Setting up simulations

Mapping physical quantities to simulation parameters

Having a good grasp of how choosing lattice-Boltzmann parameters such as grid size, numerical viscosity and maximum velocity affects the results is essential for running simulations efficiently and for interpreting their results. The mapping between physical quantities describing a system and their corresponding counterparts in the simulation is often a source of unnecessary confusion. In this section, we will show how to do it and how different choices of various simulation parameters impact the precision of the results and simulation time.

Throughout this section, we will be working with a specific physical system that we will be using as an example. We choose a 2D system with the following parameters:

  • width: 2 m
  • height L: 1 m
  • flow speed u_{phys}: 10 m/s
  • Reynolds number Re: 1000

We will now want to determine the lattice size 2N \times N, numerical viscosity \nu_{lb} and the lattice time step size \Delta t \,[\mathrm{s / lt}] in physical units.

In lattice units, a single time step of the simulation is by definition 1 lt, and the space between two lattice nodes is 1 lu.

The following simple relations will prove to be very useful in the next subsections:

  • the lattice spacing: \Delta x = L / (N-1) \,[\mathrm{m / lu}]
  • the lattice flow speed: u_{lb} = \frac{\Delta t}{\Delta x} u_{phys}
  • the lattice viscosity: \nu_{lb} = \frac{\Delta t}{\Delta x^2} \frac{u_{phys} L}{Re} = \frac{u_{lb} (N-1) }{\mathrm{Re}}

Assuming a known lattice size and Reynolds number

Let’s choose a lattice of 101x201 nodes. This sets the lattice spacing to \Delta x = 0.01 \,\mathrm{m/lu}. We know the Reynolds number, which is 1000, but we need one more constraint to calculate the size of the time step and the numerical viscosity. The constraint we need is the maximum lattice flow speed. The flow speed can never exceed the lattice speed of sound c_s, which is 1/\sqrt{3} lu/lt for the D2Q9 lattice. It will in fact have to be much lower than that, since the Lattice Boltzmann model only works in the limit of low Mach numbers. The highest relatively safe value used in practice is 0.1 lu/lt, and this is what we are going to use for calculation. Setting:

10 \,\mathrm{\frac{m}{s}} = 0.1 \,\mathrm{\frac{lu}{lt}} \frac{\Delta x}{\Delta t}

we can easily calculate the time step size, which is \Delta t = 10^{-4} \,\mathrm{s / lt} and the lattice viscosity \nu_{lb} = 10^{-2} \,\mathrm{\frac{lu^2}{lt}}.
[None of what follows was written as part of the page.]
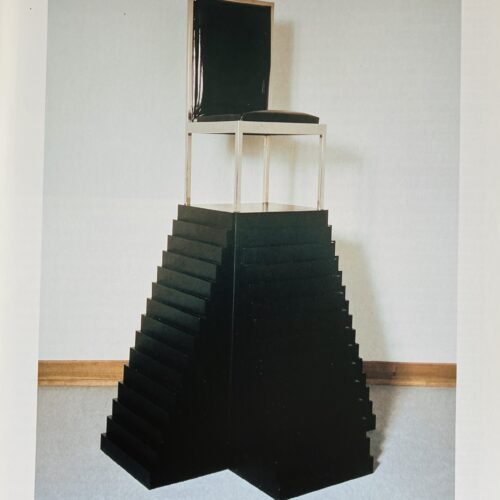 WALTER DE MARIA. 1988.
If we wanted to simulate a flow of a duration of 1 s, we would need 10000 iterations, which corresponds to approximately 100 \times 200 \times 10000 = 2 \cdot 10^{8} lattice node updates.

It is also easy to see that the size of the time step scales linearly with the maximum velocity, i.e. if we decrease the maximum flow speed 10 times, we will need to run the simulation 10 times longer to reach the physical time of 1s. We will also need to decrease the numerical viscosity \nu_{lb} 10 times in order to make sure we’re simulating the same physical system.

Assuming a known numerical viscosity and Reynolds number

Starting with a known numerical viscosity will some times make sense, as all LB models have a limited range of viscosities for which they are stable. Let’s start with a value of \nu_{lb} = 0.1 \,\mathrm{\frac{lu^2}{lt}} and Re = 1000 as above. We will need to determine the lattice spacing and time step size. Using the lattice viscosity and lattice flow speed equations we get, respectively: 0.1 \,\mathrm{\frac{lu^2}{lt}} = \frac{\Delta t}{\Delta x^2} 0.01 \,\mathrm{\frac{m^2}{s}} and 0.1 \,\mathrm{\frac{lu}{lt}} = \frac{\Delta t}{\Delta x} 10 \,\mathrm{\frac{m}{s}}, which we can easily solve to get \Delta x = 10^{-3} \,\mathrm{m / lu} and \Delta t = 10^{-5} \,\mathrm{s / lt}.

To get a physical duration of 1 s, we thus need 10^5 iterations on a lattice of 1001 \times 2001 or 2 \cdot 10^{11} lattice node updates. The price to pay for the increased stability and precision of the simulation is a larger lattice and much longer simulation time.

By decreasing the viscosity by a factor of 10, we could increase both the step size and the time step size by a factor of 10, and thus cut the overall simulation time by a factor of 10^3 (or 10^4 for 3D simulations).